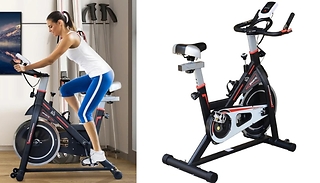 HOMCOM Indoor Exercise Bike With LCD Display 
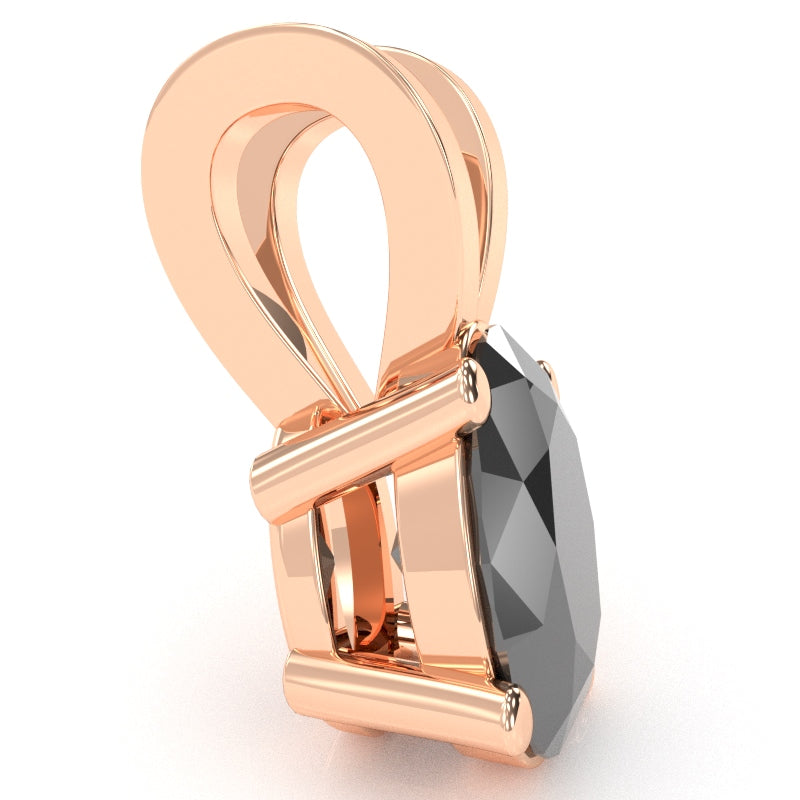 Black Onyx Oval Solitaire Pendant In 14k Rose Gold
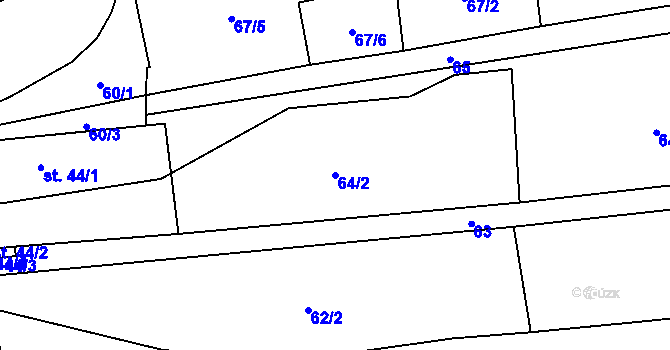 Parcela st. 64/2 v KÚ Přehvozdí, Katastrální mapa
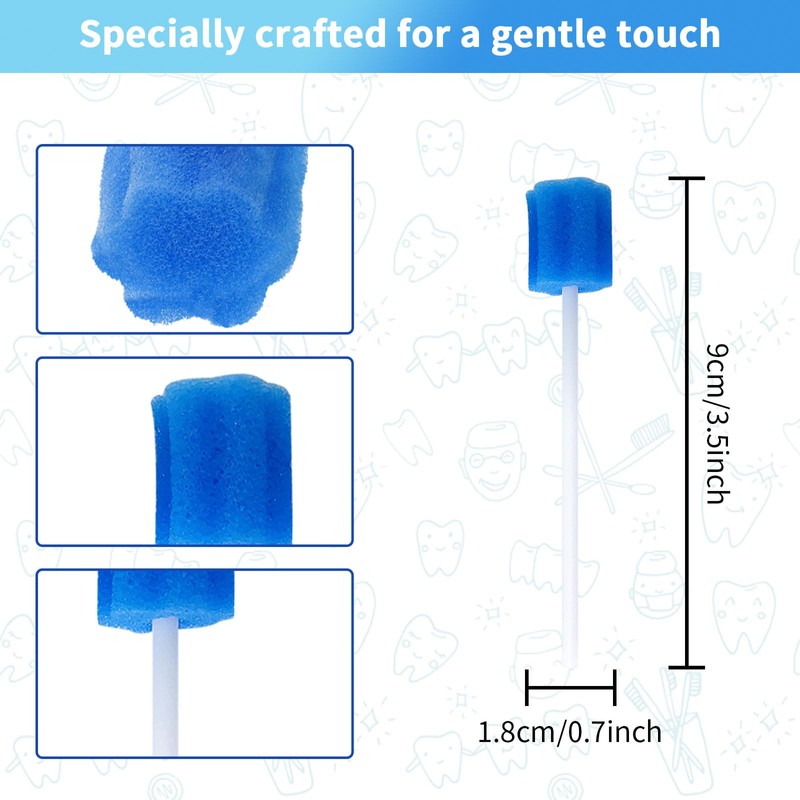 50 Pieces Disposable Oral Swabs Bulk Mouth Sponge Stick Swabsticks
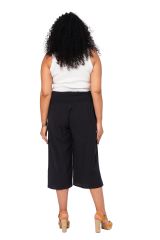 Pantalon été court coton lin noir 354809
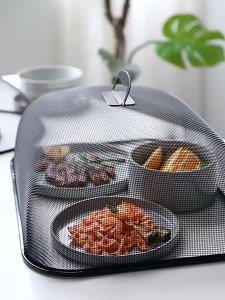 30CM Stainless Steel Dish Cover Anti-flying Table Food Cover Metal Food Cover Iron Dish Cover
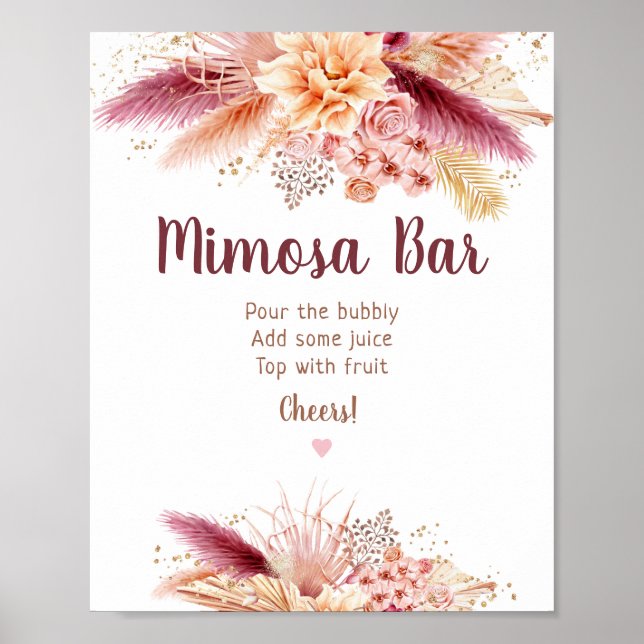 Poster Bar de Mimosa de Chá de Noiva Boho com Grama Pampa (Frente)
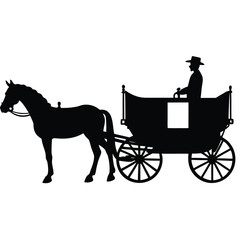 Horse drawn carriage with driver silhouette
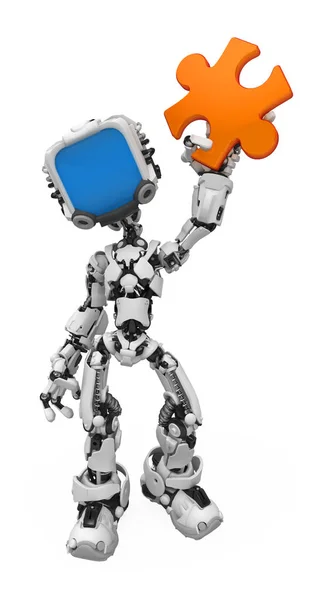 Blue Screen Roboter, Puzzleteil — Stockfoto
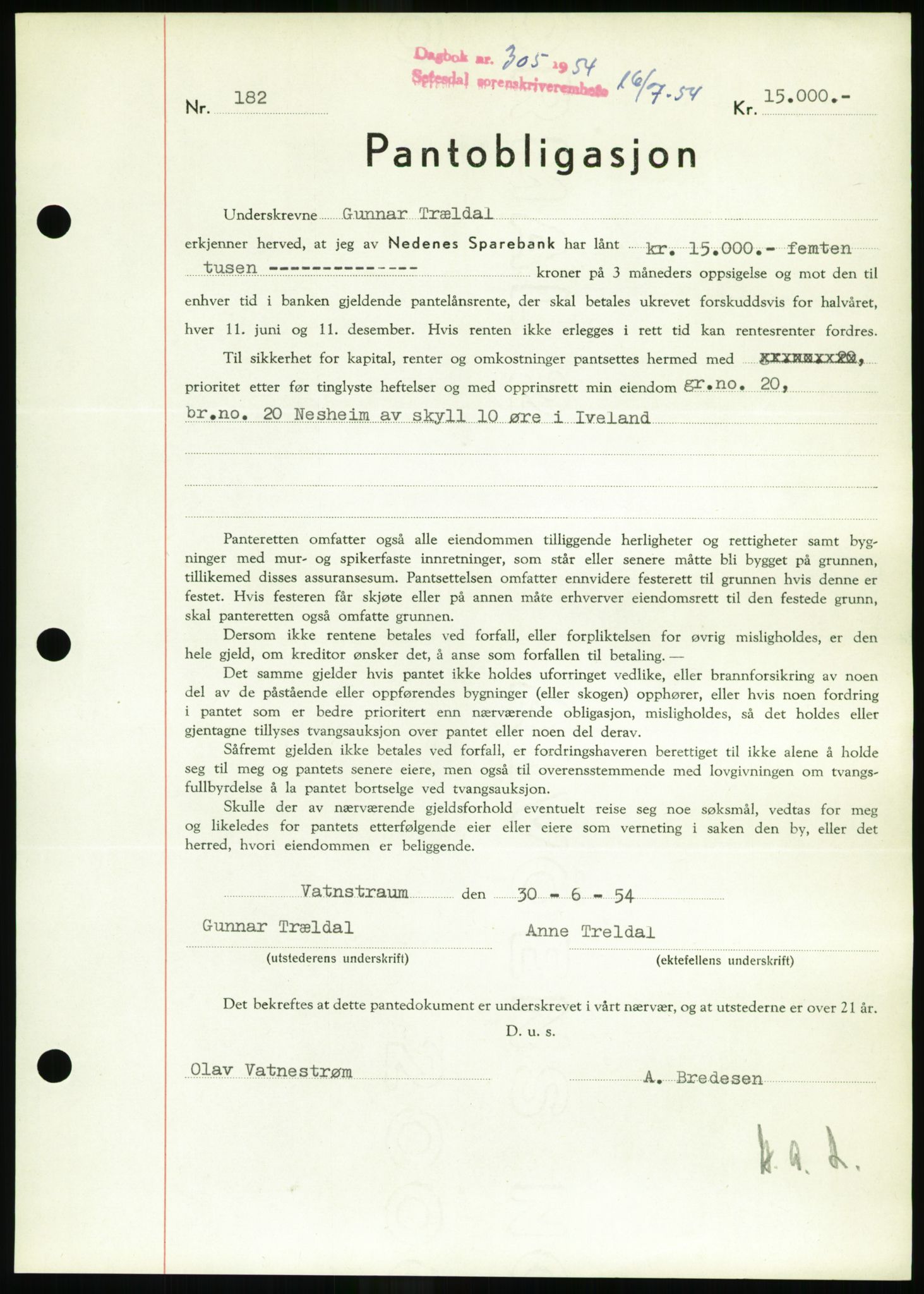 Setesdal sorenskriveri, SAK/1221-0011/G/Gb/L0052: Pantebok nr. B 40, 1954-1955, Dagboknr: 305/1954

- **Your objective**: If a line holds a picture, skip the picture and transcribe the rest of the material exactly.

- **Answer for this exercise**:
 HOMCOM Indoor Exercise Bike With LCD Display 
 Black Onyx Oval Solitaire Pendant In 14k Rose Gold
 Parcela st. 64/2 v KÚ Přehvozdí, Katastrální mapa
 50 Pieces Disposable Oral Swabs Bulk Mouth Sponge Stick Swabsticks
 Pantalon été court coton lin noir 354809
 30CM Stainless Steel Dish Cover Anti-flying Table Food Cover Metal Food Cover Iron Dish Cover
 Poster Bar de Mimosa de Chá de Noiva Boho com Grama Pampa (Frente)
 Horse drawn carriage with driver silhouette
 Blue Screen Roboter, Puzzleteil — Stockfoto
 Setesdal sorenskriveri, SAK/1221-0011/G/Gb/L0052: Pantebok nr. B 40, 1954-1955, Dagboknr: 305/1954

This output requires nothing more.